253% increase in Online Banking Malware Infections in India in Q3 as compared to Q2: Trend Micro
New Delhi, India, December 17, 2013: The online banking malware volume surged this quarter. They spread across the globe and no longer concentrated on certain regions like Europe and the Americas. Trend Micro continued to see this trend, with infection counts going beyond the 200,000 mark, the highest infection number since 2002.
Dhanya Thakkar, Managing Director, India & SAARC, Trend Micro said, “Threat actors are pouncing on users’ banking transactions, with the likes of FAKEBANK and FAKETOKEN malware threatening users. As with other app types, users may encounter Trojanized or fake apps disguised as legitimate banking apps. Cybercriminals will use different tricks to mimic legitimate apps. They can use the same images and icons or closely imitate the publisher’s name.”
A large portion of online banking malware infections were due to ZeuS/ZBOT Trojans. ZeuS/ZBOT variants were, in fact, the most distributed malware by spam this quarter. New ZBOT variants emerged, specifically KINS malware, which came armed with anti-debugging and anti-analysis routines.

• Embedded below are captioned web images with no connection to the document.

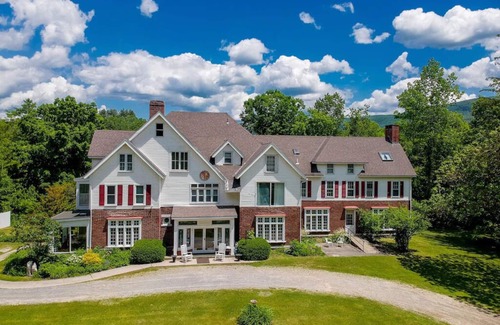 Manchester Center House | Sleep 34 in HUGE VT Mansion! 15 bedrms/12 bath: Ski, weddings, family reunions, Yoga, corporate, Dogs loved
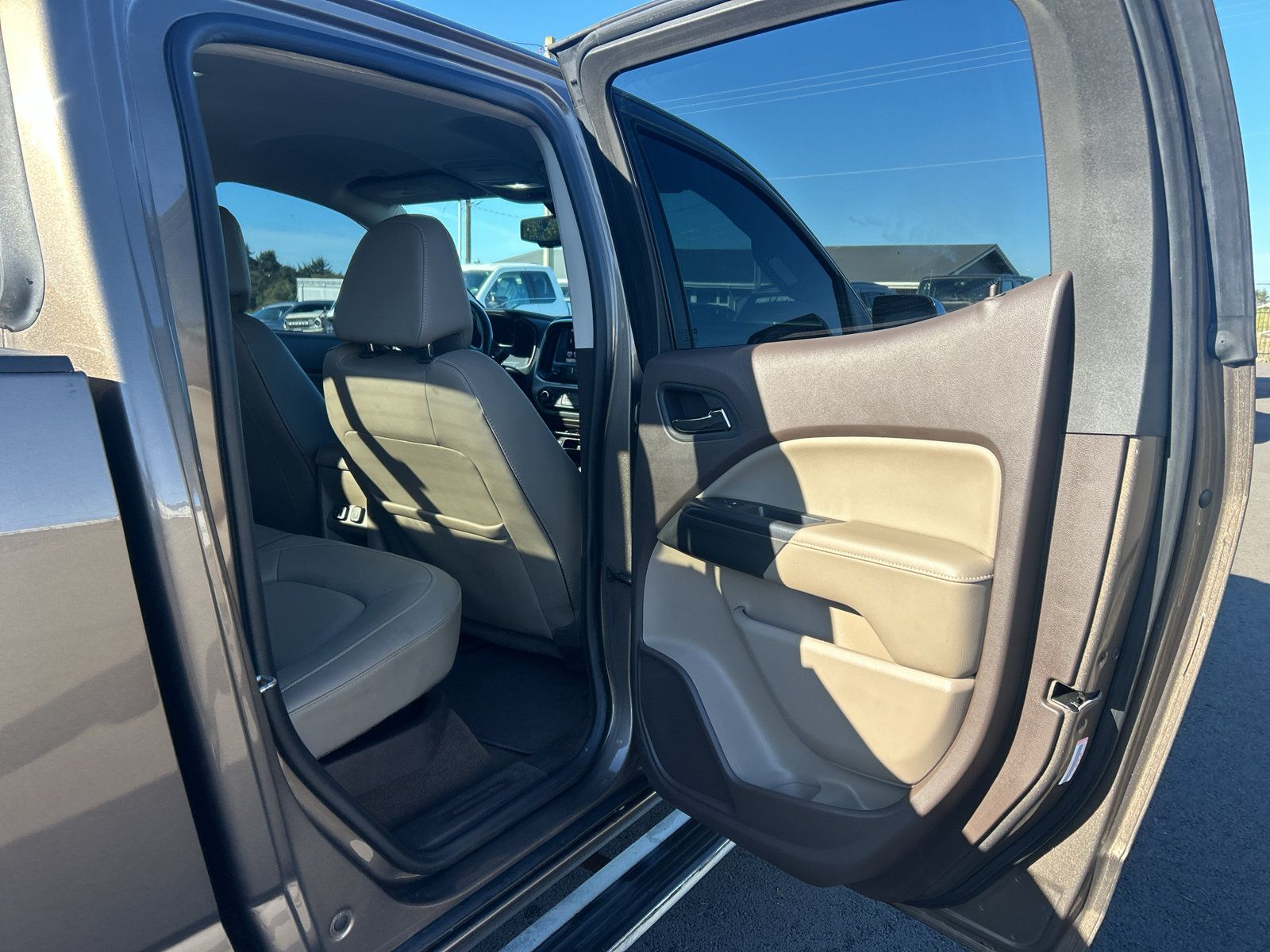 Used 2016 GMC Canyon SLT w/ Driver Alert Package AWD/4WD image 29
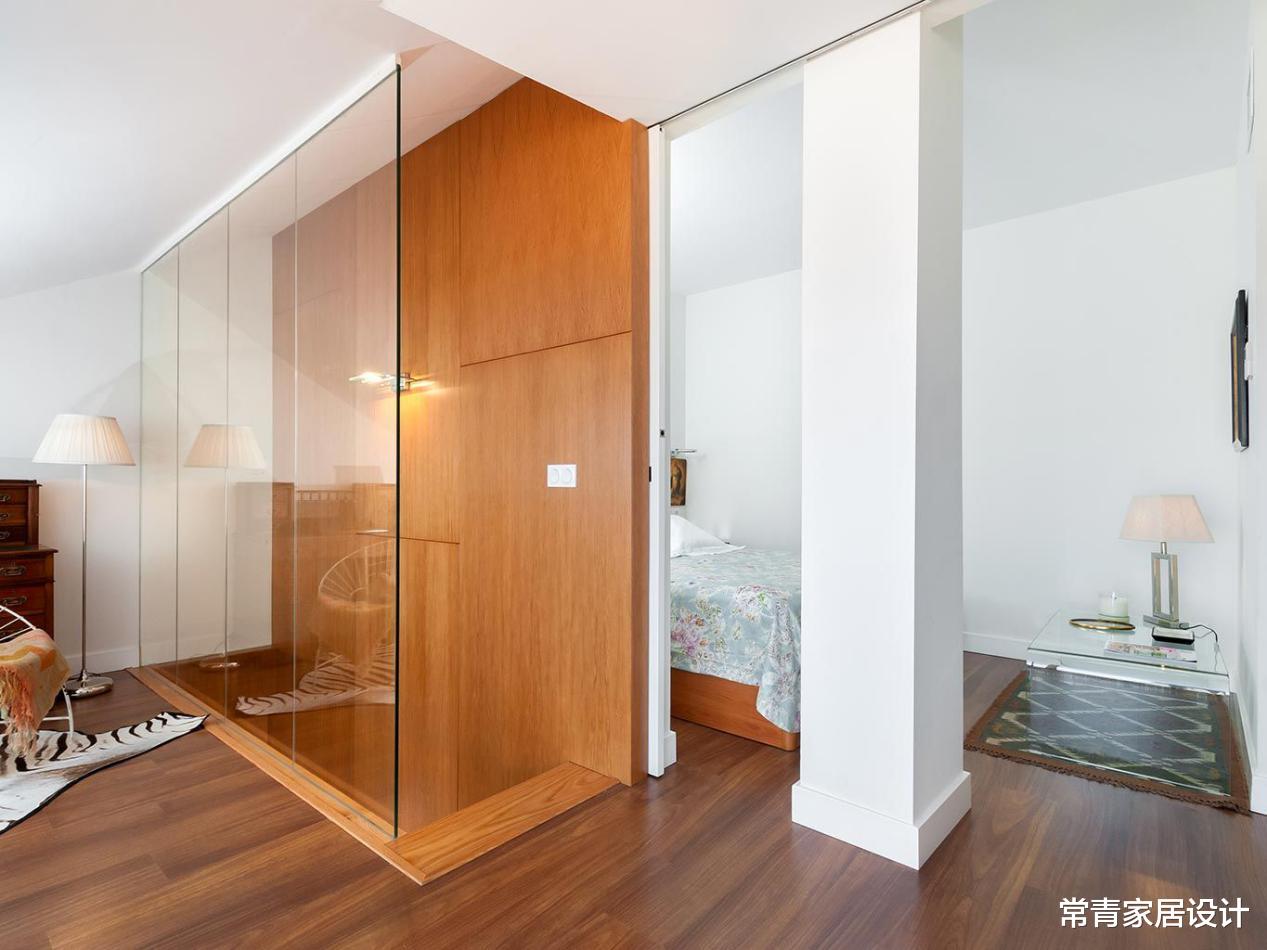 |146㎡顶复式，上下2层住五口人，实景高级，楼梯还能当电视墙
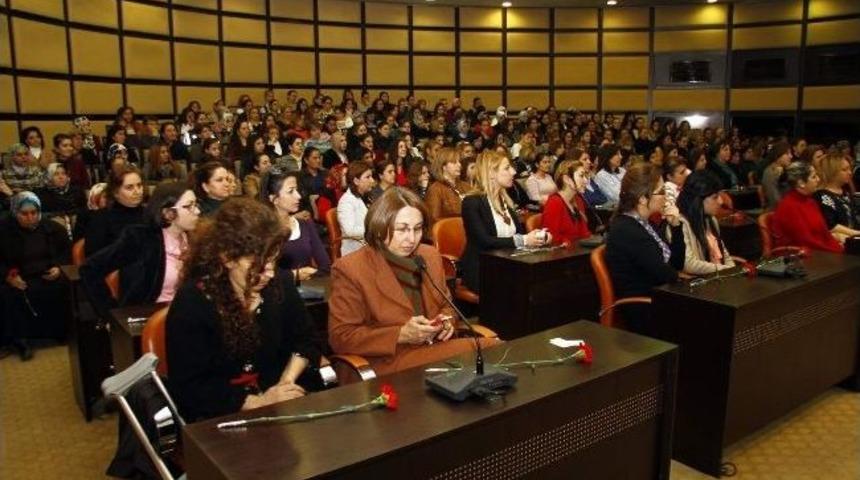 Başkan G&uuml;zelbey Bayan Personellerini Unutmadı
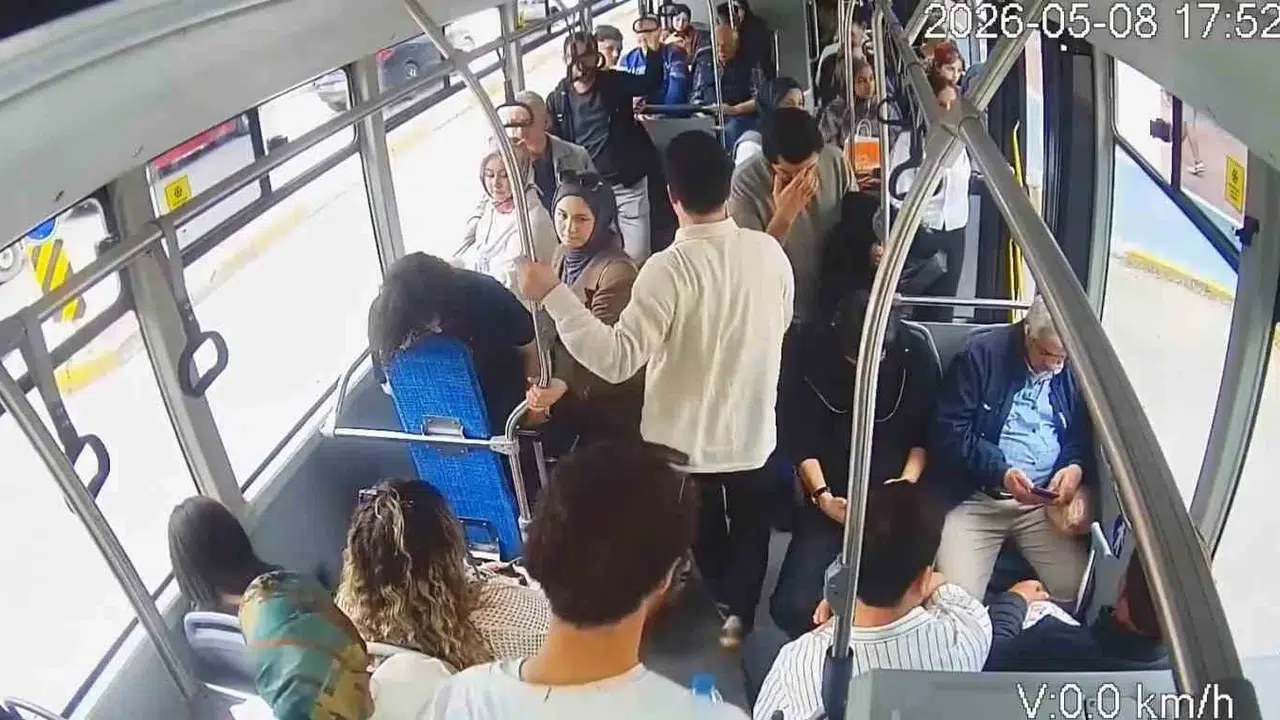 Otobüste hayat kurtaran dayanışma: Kaptan rotayı değiştirdi, hemşire müdahale etti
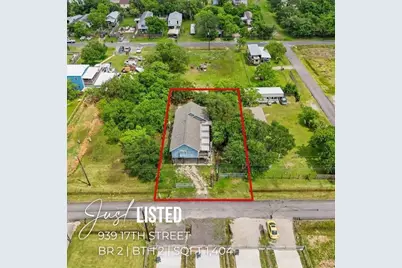 939 17th Street, Dickinson, TX 77539 - Photo 1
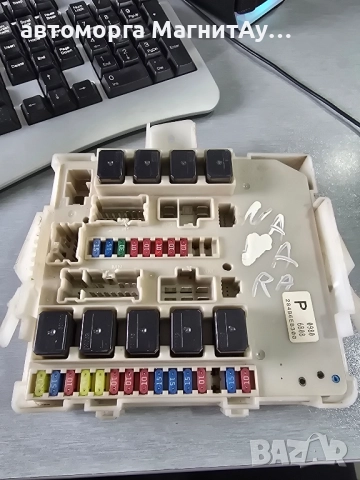 284B6EB300 Бушониера с релета Nissan Pathfinder Navara Renault 09806B08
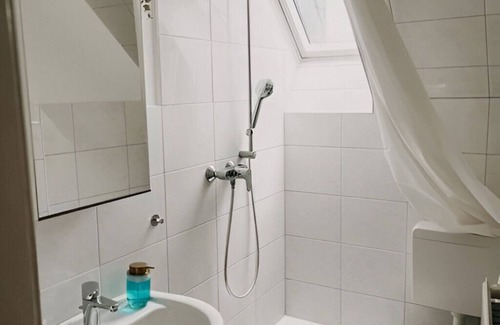 Holsterhausen Apartment | Live centrally and comfortably in the heart of Essen!HODGL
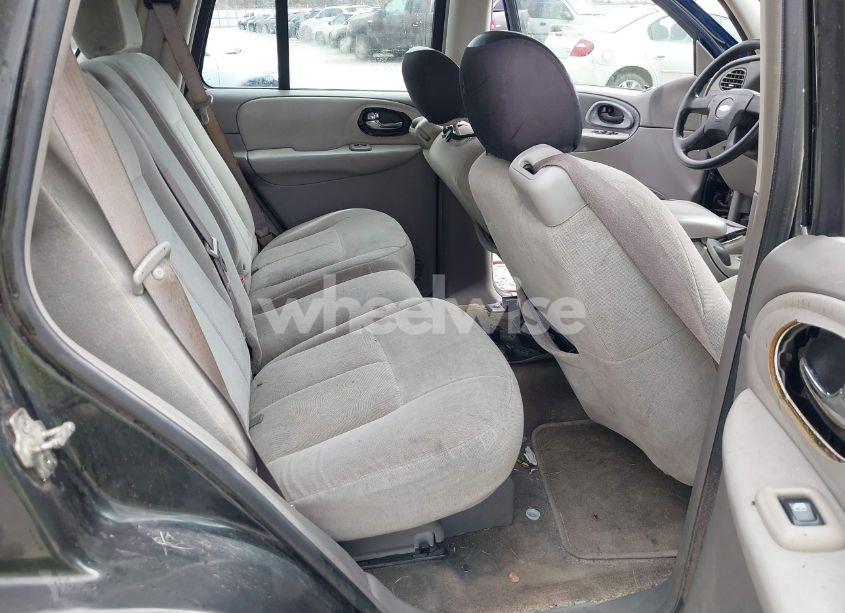 Photo 8 of 2005 Chevrolet Trailblazer LS (VIN 1GNDS13S852127810)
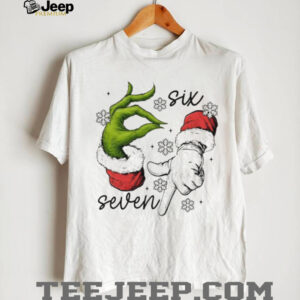Grinch and Santa Claus hand trending six seven meme Merry Christmas shirt
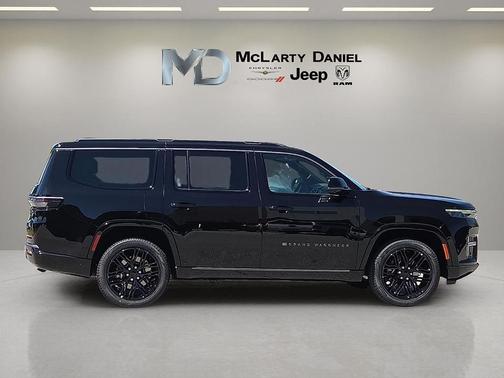 Gloss Black 2026 Jeep Grand Wagoneer Limited Reserve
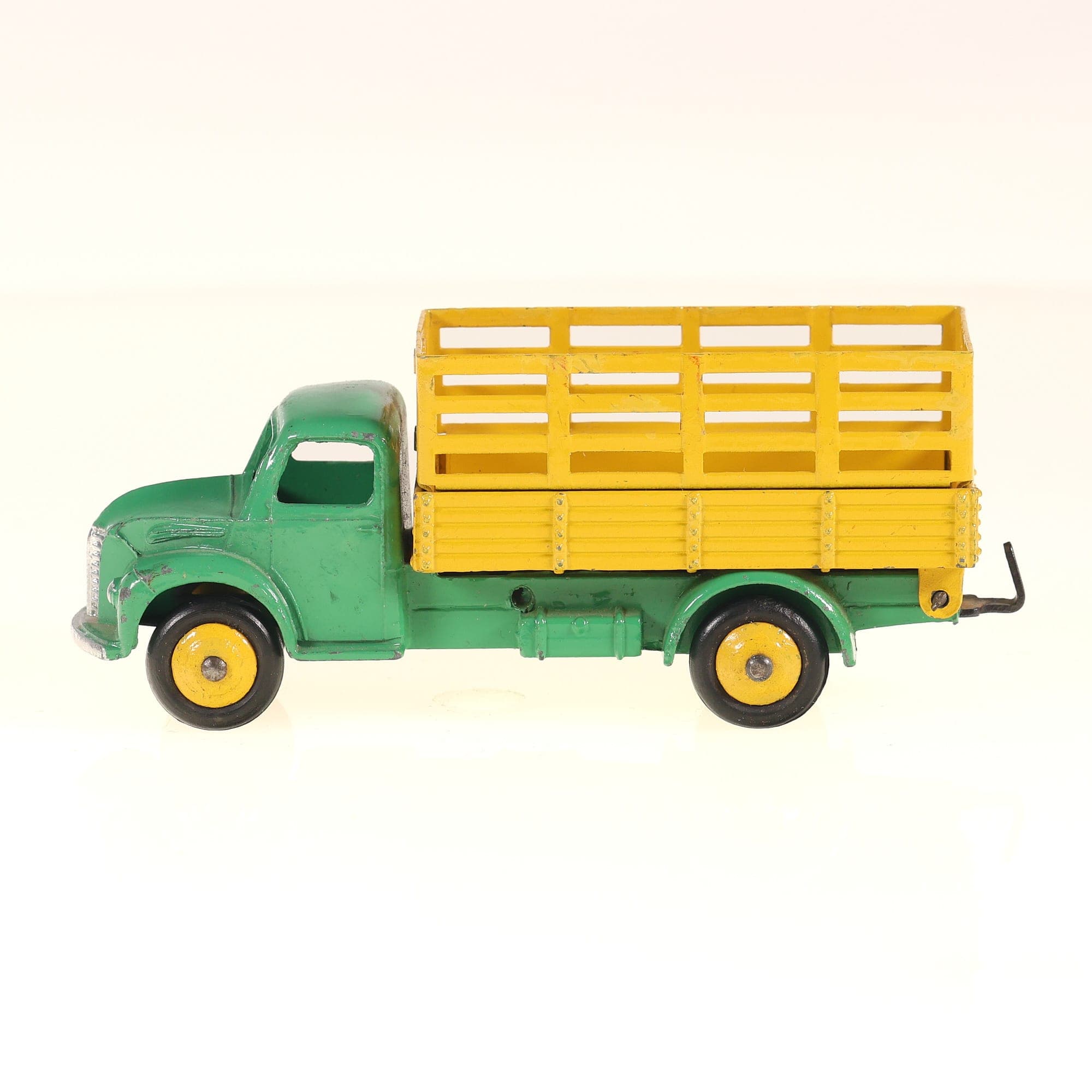 Dinky Toys 30N Dodge Camion bétaillère 1/43 Jaune sans boîte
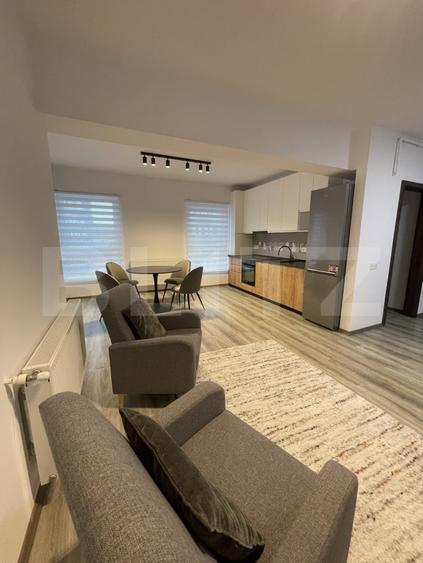 Apartament cu 2 camere decomandat, mobilat în Central
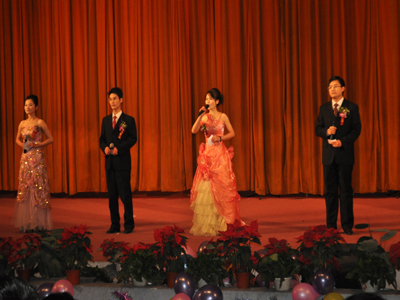 四位主持人亮相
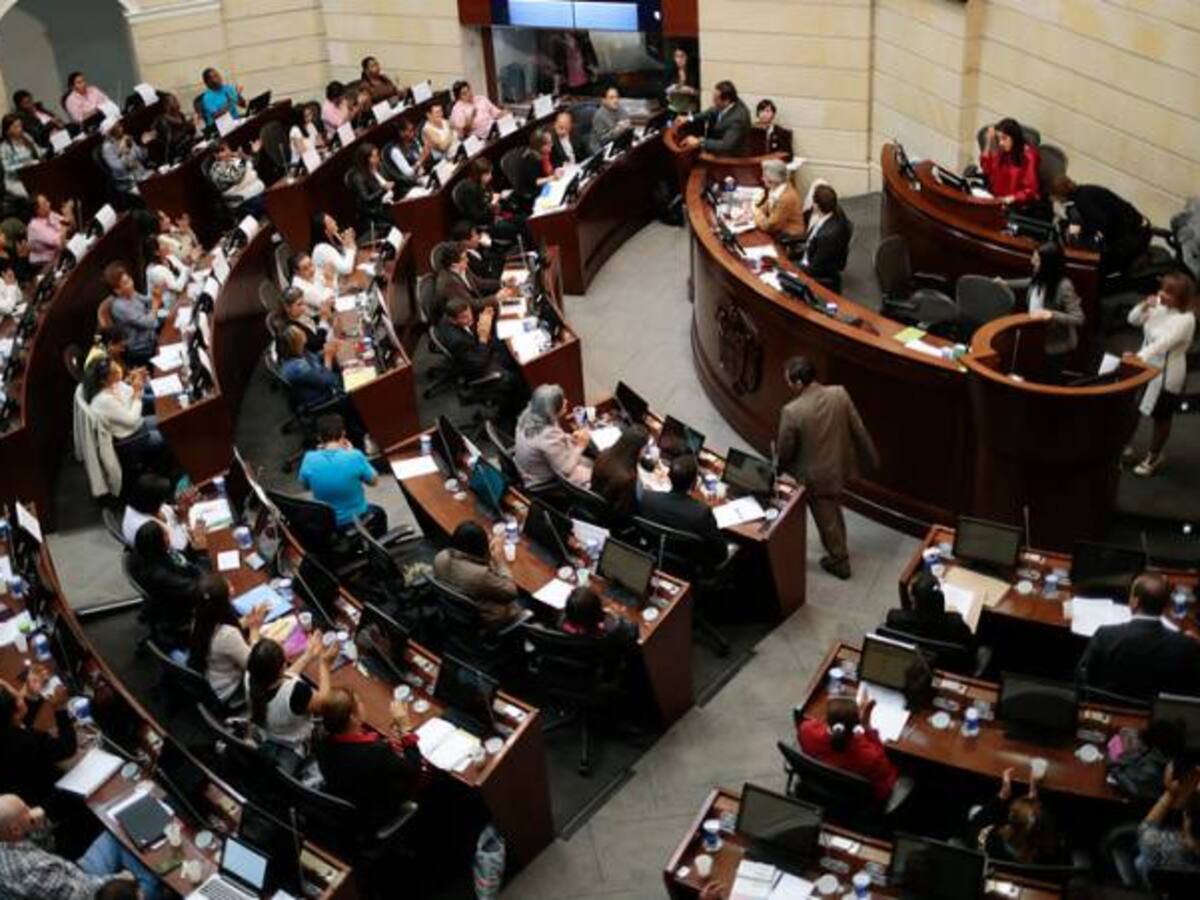 Con apoyo del uribismo se aprueba reforma a ley de orden público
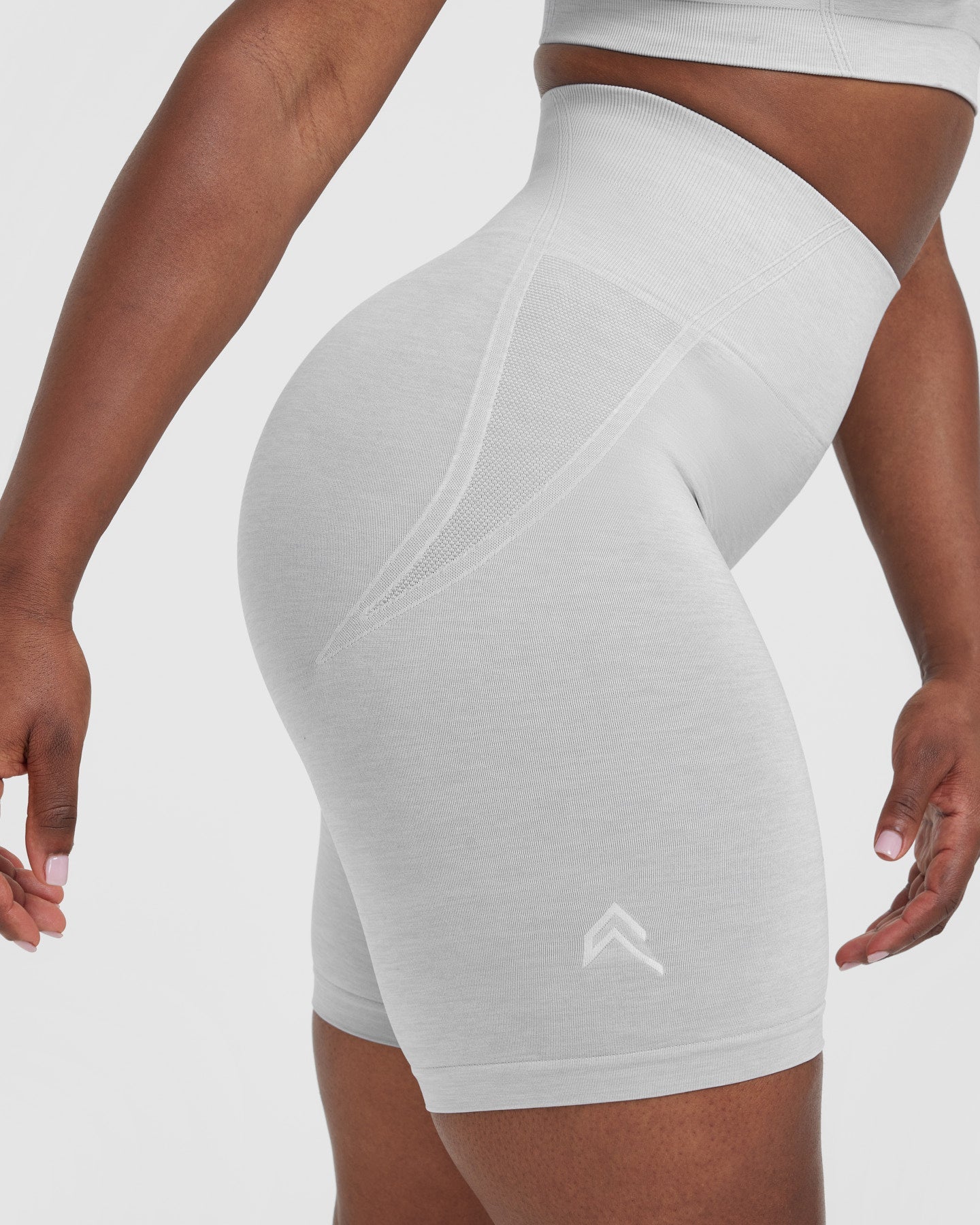 EffortlessLift™ Seamless Cycling Shorts with White Logo | Grey Marl - Image 4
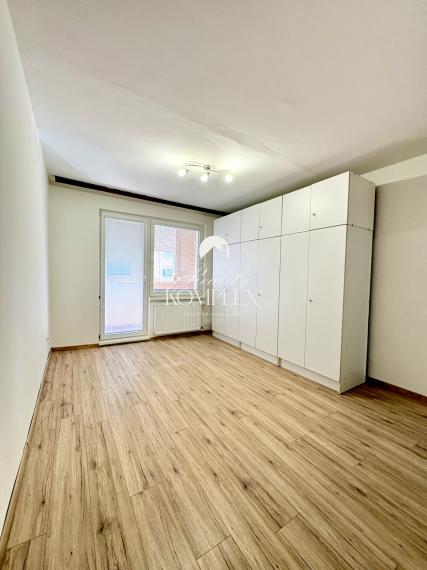 IBA U NÁS !!! Reality KOMPLEX s.r.o., Vám ponúka kompletne zrekonštruovaný 4-izbový byt s loggiou na prenájom v dobrej lokalite v Komárne !!!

Citadel variants, meanwhile, continued to plague Japan, particularly targeting financial institutions and varied Webmail services like Yahoo! Japan and Gmail, among others.
The FAKETOKEN malware meanwhile mimics the token generator app of a financial institution. Users who wind up with this malicious app end up giving out their password to avoid receiving an error message. Once users enter their password, the malware generates a fake token and sends the stolen information to a specific number.
“Once installed, it uses the Google Play icon to stay low-key,” suggests Dhanya Thakkar. “During installation, it replaces parts of legitimate banking app files with malicious code, but it does not modify their icons and user interface. Once users access these apps, they unwittingly give out their account information. Aside from this, FAKEBANK also steals call logs and received text messages.”
And despite the focus on the escalating state of mobile malware, it’s worth remembering that threats can be simpler than users think. “Losing a phone by accident or via theft can have dire consequences, especially if it isn’t secured with a PIN or pattern and its owner leaves his online banking account open in it,” Thakkar added.